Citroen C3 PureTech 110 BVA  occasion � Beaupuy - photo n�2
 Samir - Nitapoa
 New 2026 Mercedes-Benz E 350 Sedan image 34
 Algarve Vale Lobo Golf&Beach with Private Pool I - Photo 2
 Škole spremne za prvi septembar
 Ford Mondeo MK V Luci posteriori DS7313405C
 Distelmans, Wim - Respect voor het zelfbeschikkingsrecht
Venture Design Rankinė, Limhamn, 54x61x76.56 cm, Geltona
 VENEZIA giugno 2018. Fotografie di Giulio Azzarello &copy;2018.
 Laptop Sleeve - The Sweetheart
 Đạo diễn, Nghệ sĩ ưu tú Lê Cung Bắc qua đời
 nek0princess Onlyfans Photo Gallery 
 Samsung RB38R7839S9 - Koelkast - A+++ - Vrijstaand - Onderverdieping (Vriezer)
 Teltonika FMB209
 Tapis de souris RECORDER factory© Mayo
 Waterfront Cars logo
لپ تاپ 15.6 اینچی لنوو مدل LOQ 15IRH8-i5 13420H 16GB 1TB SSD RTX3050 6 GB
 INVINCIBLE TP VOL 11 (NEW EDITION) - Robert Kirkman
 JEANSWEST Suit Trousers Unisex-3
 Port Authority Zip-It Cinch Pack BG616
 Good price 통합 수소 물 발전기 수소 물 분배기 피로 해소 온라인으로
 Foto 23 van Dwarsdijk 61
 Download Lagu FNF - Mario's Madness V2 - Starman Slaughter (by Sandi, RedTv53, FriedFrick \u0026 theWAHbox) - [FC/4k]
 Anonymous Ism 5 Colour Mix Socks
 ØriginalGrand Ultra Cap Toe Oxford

**WHAT THIS TASK INVOLVES**
All lines from the one containing "INVINCIBLE TP VOL" to the end of the records are to be duplicated exactly, and no other lines are to be given.

**EXERCISE SOLUTION**
 INVINCIBLE TP VOL 11 (NEW EDITION) - Robert Kirkman
 JEANSWEST Suit Trousers Unisex-3
 Port Authority Zip-It Cinch Pack BG616
 Good price 통합 수소 물 발전기 수소 물 분배기 피로 해소 온라인으로
 Foto 23 van Dwarsdijk 61
 Download Lagu FNF - Mario's Madness V2 - Starman Slaughter (by Sandi, RedTv53, FriedFrick \u0026 theWAHbox) - [FC/4k]
 Anonymous Ism 5 Colour Mix Socks
 ØriginalGrand Ultra Cap Toe Oxford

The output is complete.